Return the following from the records below: each line, word for word, starting with the line that contains "深度解析《忘川风华录》悲之歌密码攻略与精彩内容推荐：你不能错过的必看指南！" and going on through the line that contains "В Аксубаеве открыли", with nothing outside that range.

■ Data for review

★ ★ ★ ★ ★

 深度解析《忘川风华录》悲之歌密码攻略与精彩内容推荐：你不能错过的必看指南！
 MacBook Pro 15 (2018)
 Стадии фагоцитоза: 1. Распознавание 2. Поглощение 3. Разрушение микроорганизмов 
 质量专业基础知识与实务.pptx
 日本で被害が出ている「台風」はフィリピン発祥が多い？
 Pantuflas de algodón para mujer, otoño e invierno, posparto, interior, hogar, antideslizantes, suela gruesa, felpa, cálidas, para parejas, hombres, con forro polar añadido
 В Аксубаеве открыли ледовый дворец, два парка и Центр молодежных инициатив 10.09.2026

★ ★ ★ ★ ★

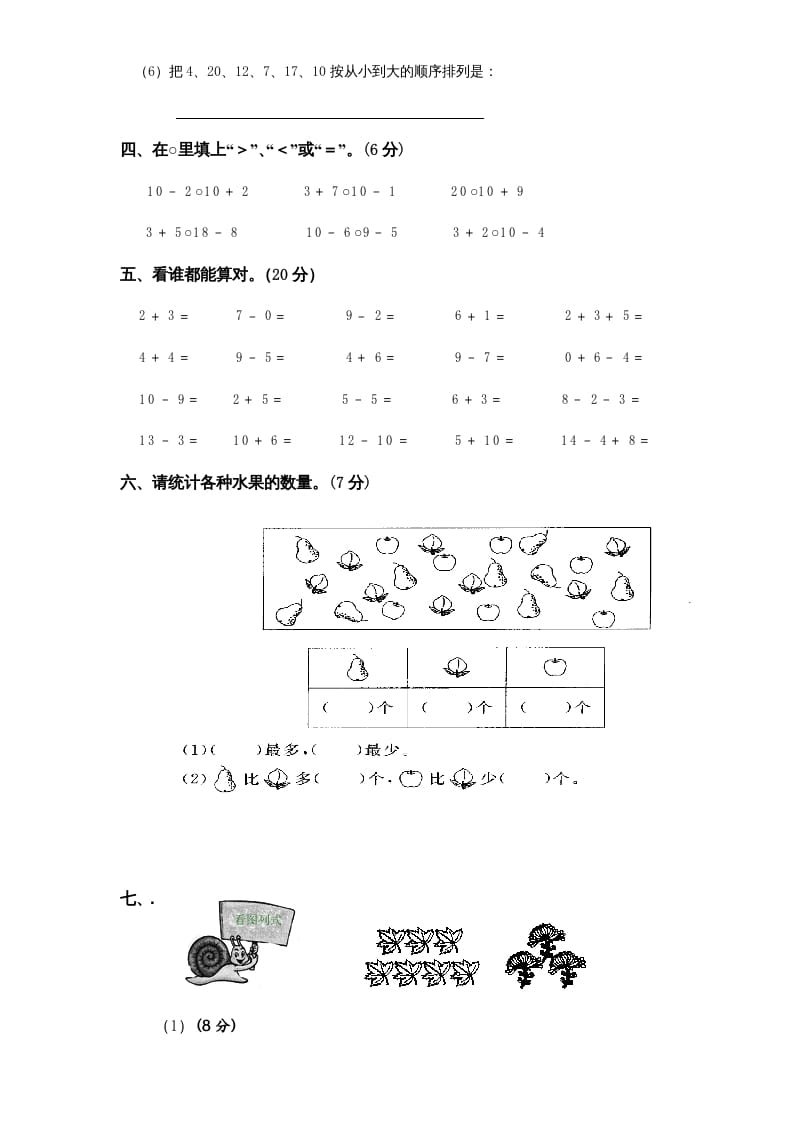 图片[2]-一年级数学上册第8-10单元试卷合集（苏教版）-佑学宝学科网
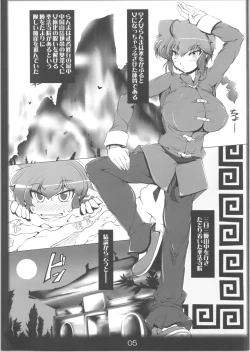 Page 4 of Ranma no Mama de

★ ★ ★ ★ ★

■ Response
 深度解析《忘川风华录》悲之歌密码攻略与精彩内容推荐：你不能错过的必看指南！
 MacBook Pro 15 (2018)
 Стадии фагоцитоза: 1. Распознавание 2. Поглощение 3. Разрушение микроорганизмов 
 质量专业基础知识与实务.pptx
 日本で被害が出ている「台風」はフィリピン発祥が多い？
 Pantuflas de algodón para mujer, otoño e invierno, posparto, interior, hogar, antideslizantes, suela gruesa, felpa, cálidas, para parejas, hombres, con forro polar añadido
 В Аксубаеве открыли ледовый дворец, два парка и Центр молодежных инициатив 10.09.2026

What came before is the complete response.